▶ **EXCERPTED RECORDS**:

________________________________________

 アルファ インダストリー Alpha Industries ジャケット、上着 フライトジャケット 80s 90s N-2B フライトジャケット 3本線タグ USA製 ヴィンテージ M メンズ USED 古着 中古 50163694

________________________________________

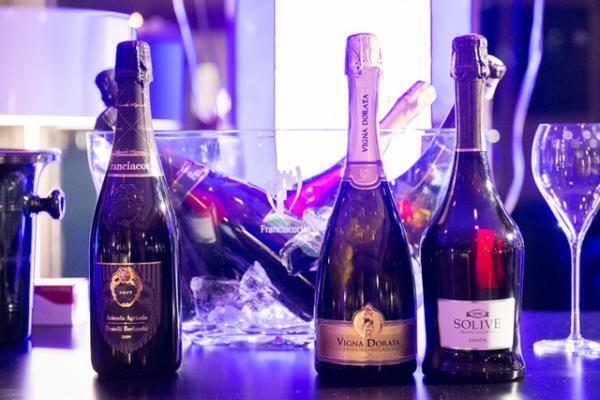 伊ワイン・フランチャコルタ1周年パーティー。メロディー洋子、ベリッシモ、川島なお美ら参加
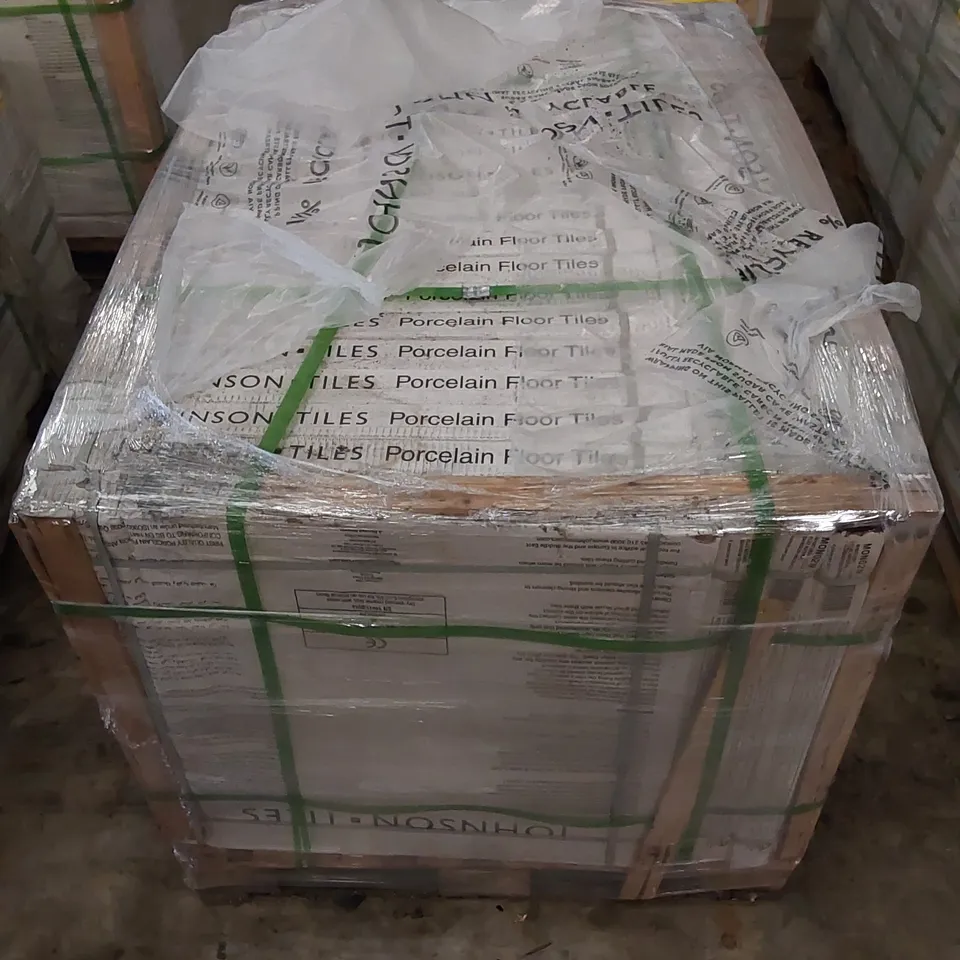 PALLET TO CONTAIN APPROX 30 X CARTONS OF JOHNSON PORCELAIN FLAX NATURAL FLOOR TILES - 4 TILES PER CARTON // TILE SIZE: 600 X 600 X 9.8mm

________________________________________

Lines wanted from the entries above: the one with "伊ワイン・フランチャコルタ1", the one with "PALLET TO CONTAIN", and all lines between. Please copy them exactly, without the pictures and without anything else.

 伊ワイン・フランチャコルタ1周年パーティー。メロディー洋子、ベリッシモ、川島なお美ら参加
 PALLET TO CONTAIN APPROX 30 X CARTONS OF JOHNSON PORCELAIN FLAX NATURAL FLOOR TILES - 4 TILES PER CARTON // TILE SIZE: 600 X 600 X 9.8mm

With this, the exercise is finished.